Paolo Conte Original Ensemble è un progetto che omaggia “senza parole” una delle più grandi firme della canzone d’autore italiana: venerdì 4 luglio alle 21 apre la rassegna Teatro Estate 2025 al Giovanni da Udine.
I capolavori fra jazz, pop e classica di Conte vengono riletti in versione strumentale da alcuni musicisti che fanno parte dell’orchestra dell’amatissimo cantautore astigiano da oltre trent’anni: Antonio Valentino (pianoforte), Piergiorgio Rosso (violino), Francesca Gosio (violoncello), Massimo Pitzianti (fisarmonica, bandoneón, clarinetto), Claudio Chiara (sassofono contralto, tenore e soprano, flauto traverso), Jino Touche (contrabbasso), Daniele Di Gregorio (marimba, batteria, percussioni). “Aguaplano”, “Azzurro”, “Onda su onda”, “Via con me”, “Sudamerica”, “Bartali” vengono proposte in una chiave cameristica ideata da Massimo Pitzianti incorporando elementi del repertorio classico.
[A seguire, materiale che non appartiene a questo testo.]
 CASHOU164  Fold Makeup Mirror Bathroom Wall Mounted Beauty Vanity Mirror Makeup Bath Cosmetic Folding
«Conosco un po’ la regione, - racconta il torinese Pitzianti -, sono stato in concerto a Udine con Paolo Conte, ho insegnato al Tartini di Trieste per un anno, ho prestato servizio militare negli alpini e ho frequentato la zona di Tarvisio».
Con il Paolo Conte Original Ensemble è la prima volta a Udine?
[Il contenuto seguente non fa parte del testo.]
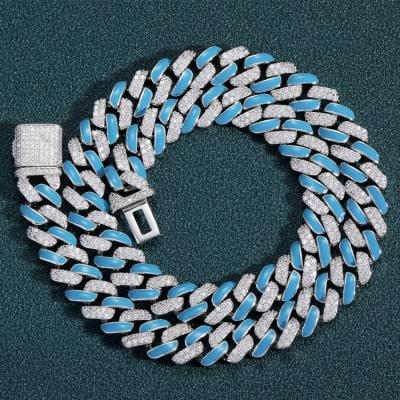 China Wide Hiphop 12mm Oil Drop Two Tone Mens Hip Hop Stainless Steel Jewelry Blue Cuban Necklace for sale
«Esatto. Anche se esistiamo da molto - il nostro battesimo di fuoco è stato nel 2009 per un concerto dell’Unione Musicale di Torino, alla presenza di Conte, e la gestazione era cominciata ancor prima. Siamo nati da un’idea mia e del Trio Debussy. Visto che Conte dice sempre che nasce prima la sua musica e poi aggiunge i testi, abbiamo pensato di fare delle trascrizioni strumentali per ensemble cameristico: per sua definizione abbiamo unito sacro e profano».
Quale veste sonora avete dato ai brani?
«L’ensemble ha come base il Trio Debussy e poi altri musicisti di Conte (Di Gregorio, Touche, Chiara e il sottoscritto), il suono è improntato alla dimensione cameristica più che jazz. Ogni tanto compare qualcuna delle mie influenze classiche: Šostakóvič, Bach, Mahler. All’inizio non è stato per nulla facile, non volevamo seguire la via delle cover. Per noi era impensabile inserire una voce, la sua è unica, insostituibile. La musica ha costantemente bisogno di essere rinvigorita, le partiture possono essere riscritte, reinterpretate nel tempo».
Nell’Orchestra di Conte dal 1990 alla tournée del 2024: com’è lavorare al suo fianco?
«È un artista. Un musicista molto solido, con tantissime idee, un gran professionista. Molto esigente, tutti i brani, dalle strutture ben definite, sono molto curati. Il lavoro congiunto con lui e con Daniele Di Gregorio è sempre stato quello di strumentare, orchestrare, cercare di riflettere su come vestire i brani, quindi un lavoro di altissimo artigianato. Tutti gli arrangiamenti sono sempre stati svolti in sua presenza, all’insegna di un grande rispetto per il compositore».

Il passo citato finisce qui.